Scenario due: l’assemblea boccia l’aumento
Il superamento del quorum, benchè una buona notizia, non è di per sè garanzia del buon esito dell’operazione. Affinchè il rafforzamento decolli occorre che i due terzi del capitale presente in assemblea voti a favore. Da qua il ruolo decisivo di Malacalza: se la famiglia votasse no, o si astenesse (mossa che vale come voto contrario), per la banca si prospetterebbe nuovamente l’ipotesi del rischio liquidazione. In verità non è da escludere neppure a livello teorico che, a fronte di uno scenario simile, la Bce decida di riconvocare l’assemblea, ma questa volta sterilizzando i voti del primo azionista.

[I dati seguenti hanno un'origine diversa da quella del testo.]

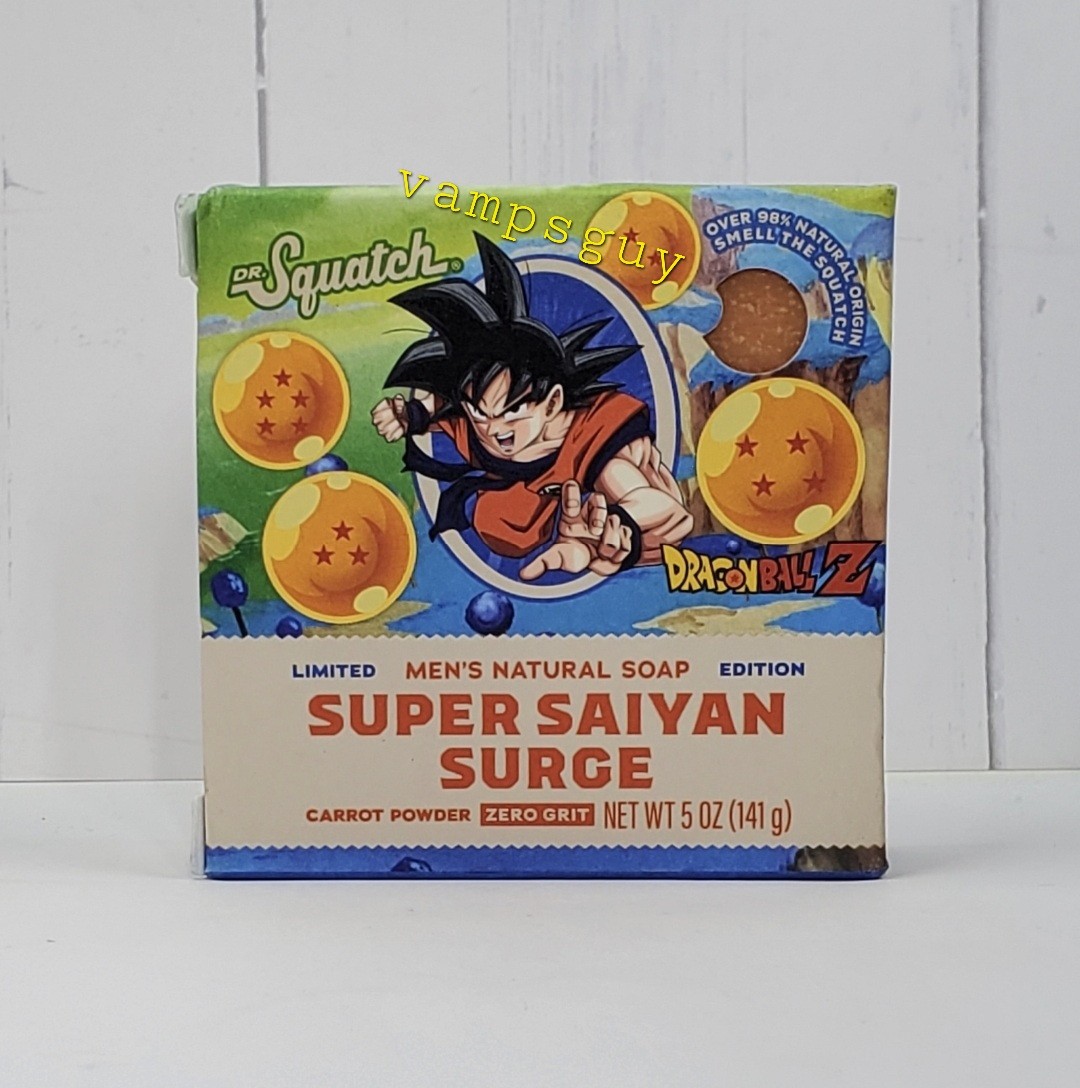 SHOGEN 「おやすみ」 Dr. Squatch Ltd Ed. Dragon Ball Z Super Saiyan Surge Soap Zero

Scenario tre: sì al rafforzamento, Carige è salva
È lo scenario più positivo. L’assemblea si costituisce validamente, e vota favorevolmente per l’operazione. L’aumento a quel punto può partire, realisticamente all’inizio del 2020. Per la banca ligure si prospetta un cambio strutturale della mappa societaria. Complice l’iperdiluizione, la partecipazione dei Malacalza (e degli altri grandi e piccoli soci) è destinata a ridimensionarsi drasticamente. Ipotizzando, come caso estremo, la mancata adesione all’aumento, i Malacalza vedrebbero assottigliare la loro quota dall’attuale 27,6% al 2%. Stesso discorso per gli altri grandi e piccoli soci. Oggi tutto il mercato (escluso Malacalza) vale circa il 72,4% di Carige: post aumento e senza adesione, questa quota si attesterebbe al 6,4%. A far la parte del leone, invece, sarebbero il Fondo interbancario e lo Schema Volontario che si troverebbero in mano l’80,7% della banca. Di peso la quota del partner industriale Ccb, che con 63 milioni avrebbe l’8,1% di Carige, ma con la prospettiva poi di comprare nel giro di due anni la quota del Fitd-Sv.

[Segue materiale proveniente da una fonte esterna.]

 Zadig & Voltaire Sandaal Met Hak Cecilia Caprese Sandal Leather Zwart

Qualora decidessero di sborsare nuovo capitale - aderendo integralmente per la quota di competenza - i Malacalza si ridurrebbero al 5,7% (con un esborso di 23 milioni), mentre il resto del mercato scenderebbe al 16,4%, con il Fitd al 69,8%. Da qualunque parte la si guardi, il pallino di Carige è destinato a finire in mano al Fondo interbancario, ovvero la totalità del sistema bancario, e in prospettiva ai trentini di Cassa Centrale.